Mesh : Humans Information Storage and Retrieval / methods Natural Language Processing

来  源:   DOI:10.1093/bioinformatics/btae238   PDF(Pubmed)

Abstract:
CONCLUSIONS: Recent proprietary large language models (LLMs), such as GPT-4, have achieved a milestone in tackling diverse challenges in the biomedical domain, ranging from multiple-choice questions to long-form generations. To address challenges that still cannot be handled with the encoded knowledge of LLMs, various retrieval-augmented generation (RAG) methods have been developed by searching documents from the knowledge corpus and appending them unconditionally or selectively to the input of LLMs for generation.
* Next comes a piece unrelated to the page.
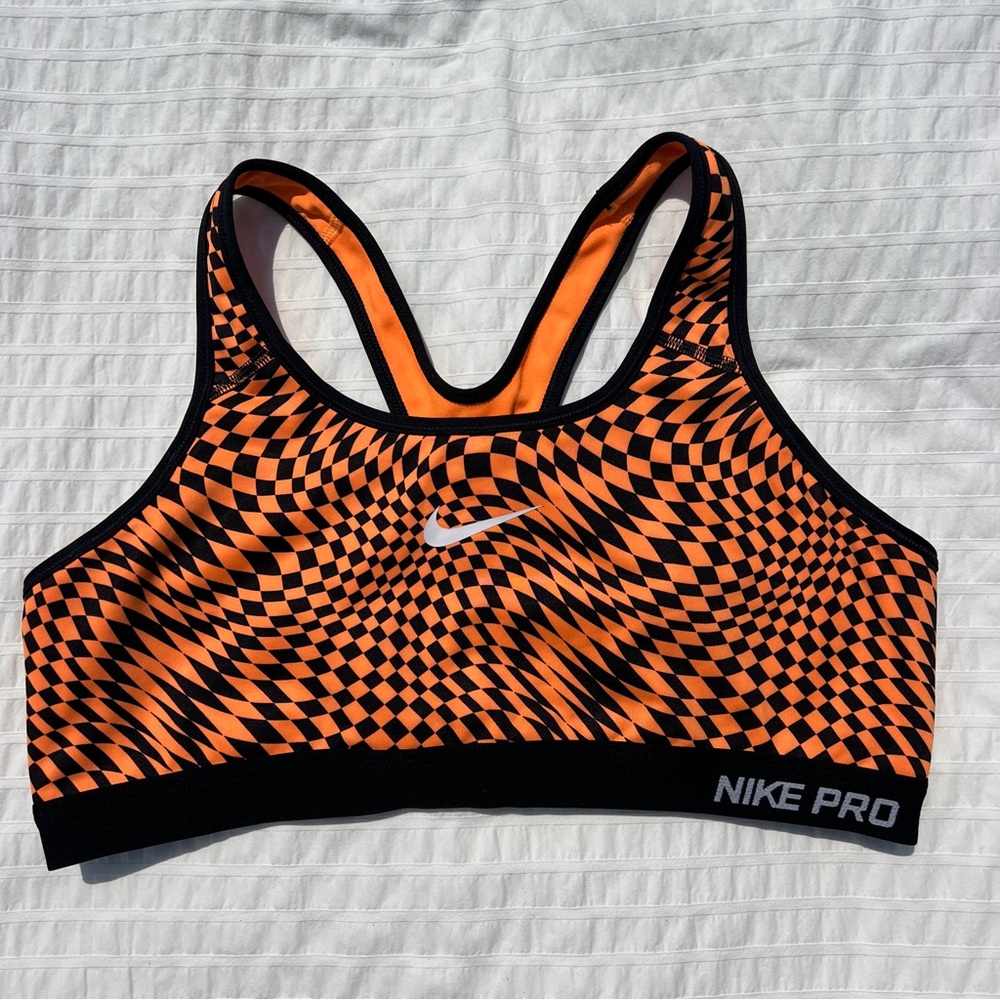 Nike Pro Black and Orange Checkered Racerback Sports Bra, XL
However, when applying existing methods to different domain-specific problems, poor generalization becomes apparent, leading to fetching incorrect documents or making inaccurate judgments. In this paper, we introduce Self-BioRAG, a framework reliable for biomedical text that specializes in generating explanations, retrieving domain-specific documents, and self-reflecting generated responses. We utilize 84k filtered biomedical instruction sets to train Self-BioRAG that can assess its generated explanations with customized reflective tokens. Our work proves that domain-specific components, such as a retriever, domain-related document corpus, and instruction sets are necessary for adhering to domain-related instructions. Using three major medical question-answering benchmark datasets, experimental results of Self-BioRAG demonstrate significant performance gains by achieving a 7.2% absolute improvement on average over the state-of-the-art open-foundation model with a parameter size of 7B or less. Similarly, Self-BioRAG outperforms RAG by 8% Rouge-1 score in generating more proficient answers on two long-form question-answering benchmarks on average. Overall, we analyze that Self-BioRAG finds the clues in the question, retrieves relevant documents if needed, and understands how to answer with information from retrieved documents and encoded knowledge as a medical expert does. We release our data and code for training our framework components and model weights (7B and 13B) to enhance capabilities in biomedical and clinical domains.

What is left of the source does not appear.